**YOUR GOAL:** The data below should be restated word for word, with every picture omitted.

**INFORMATION SHOWN:**

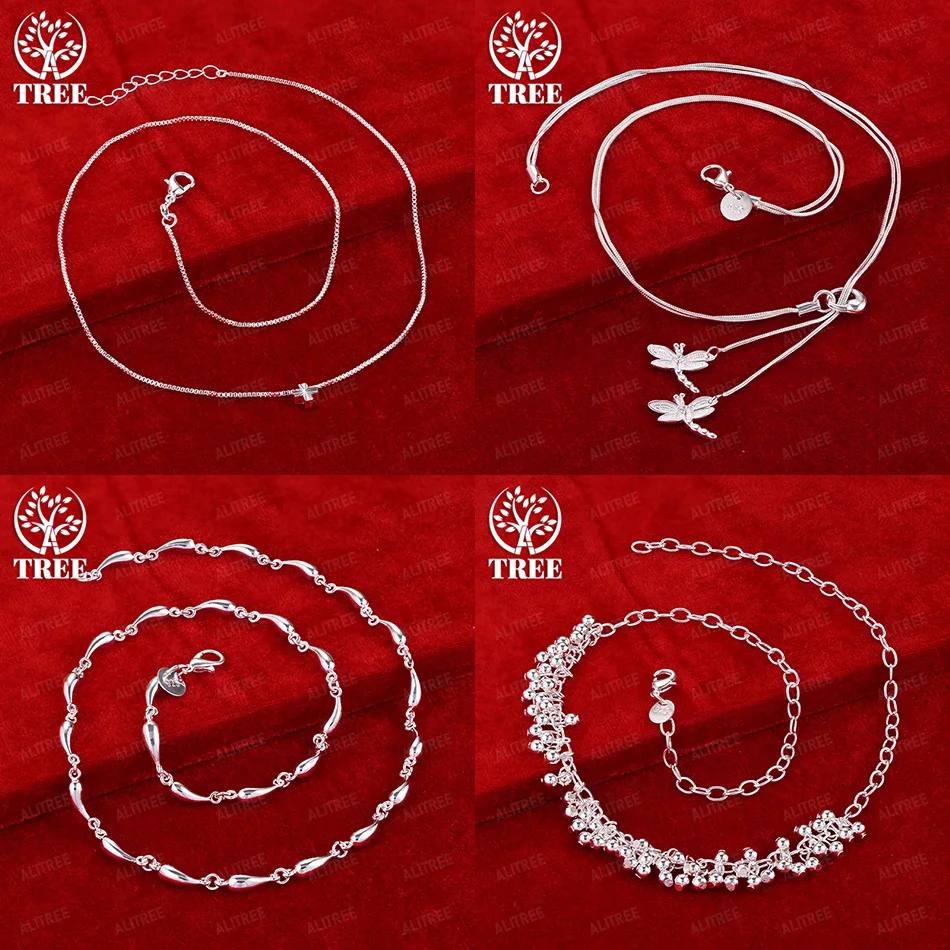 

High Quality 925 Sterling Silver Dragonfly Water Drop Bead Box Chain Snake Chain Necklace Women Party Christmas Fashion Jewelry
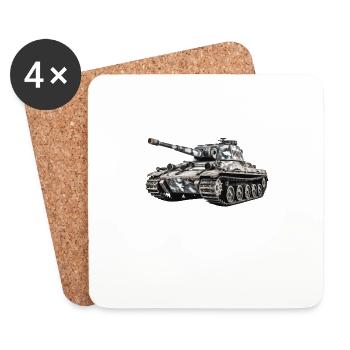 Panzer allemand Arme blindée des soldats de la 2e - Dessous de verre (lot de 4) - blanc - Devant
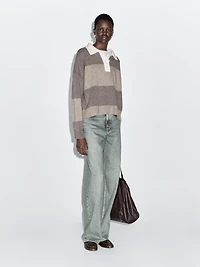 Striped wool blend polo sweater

**SOLUTION:**
High Quality 925 Sterling Silver Dragonfly Water Drop Bead Box Chain Snake Chain Necklace Women Party Christmas Fashion Jewelry
 Panzer allemand Arme blindée des soldats de la 2e - Dessous de verre (lot de 4) - blanc - Devant
 Striped wool blend polo sweater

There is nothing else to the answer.